Field dock’s single, sometimes forked, large taproot has allowed the weed to flourish since tillage was reduced in Western Canada.
It pokes out of the crop where the sprayer missed, and at first the green flowers and stalks aren’t too noticeable. However, it later turns red and brown and sticks out like a sore thumb.
Formally known as Rumex pseudonatronatus, it is the more common of the three Rumex found in Western Canada. Curled dock tends to be a bigger problem in Eastern and Central Canada, while its twin, western dock, is less of a problem.
Many broadleaf herbicides will control the weed, but timing is critical.
Dock can also be controlled with vertical tillage or shallow tilling after harvest and in low areas that escaped earlier spraying.
It can escape post-emergent control, especially when seeding gets an early start and soil remains cold, such as this year.
The large, curly leaves quickly shade the surrounding plants, which reduces crop yield, or at least costs the producer another pass with the sprayer.
The weed can be tough to tame if it escapes spring control.
Glyphosate and glufosinate are effective, so herbicide tolerant systems provide an option. Clearfield crops also work well.
Spot spraying glyphosate at 2.83 to 4.86 litres per acre of the 360 grams per litre product in 10 gallons per acre of water works if the weed reaches the bud stage.
Group 4 chemistries are effective.
Spot applications of dicamba (Banvel 2) can be used if the weed establishes in rangeland, as long as plenty of water is used to carry it.
Producers are advised to use .92 litres per acre of Banvel II in 10 to 20 gallons of water per acre on actively growing weeds for top growth control.
Picloram with 2,4-D (Grazon) and aminopyralid and 2,4-D (Restore 2) can also be used in pasture situations with the right plant populations.

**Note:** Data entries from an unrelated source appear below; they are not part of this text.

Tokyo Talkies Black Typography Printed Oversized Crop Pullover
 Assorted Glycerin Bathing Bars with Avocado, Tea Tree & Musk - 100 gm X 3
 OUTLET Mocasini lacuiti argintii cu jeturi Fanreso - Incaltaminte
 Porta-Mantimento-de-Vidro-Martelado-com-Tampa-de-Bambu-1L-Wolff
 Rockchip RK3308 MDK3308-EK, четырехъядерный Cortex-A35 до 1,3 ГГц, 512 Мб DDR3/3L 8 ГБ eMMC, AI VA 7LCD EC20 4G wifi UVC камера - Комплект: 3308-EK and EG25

An application of 500 grams per litre of MCPA amine or 2,4-D amine applied at .45 to .7 litres per acre will control top growth.
Dichlorprop and 2,4-D at .71 litres per acre suppresses the weed when plants are less than 50 millimetres tall.
Semi-mature plants are slow to react to systemic herbicides. Agronomists suggest waiting a couple of weeks to mow if sloughs are being controlled with herbicides to ensure that the weeds are killed.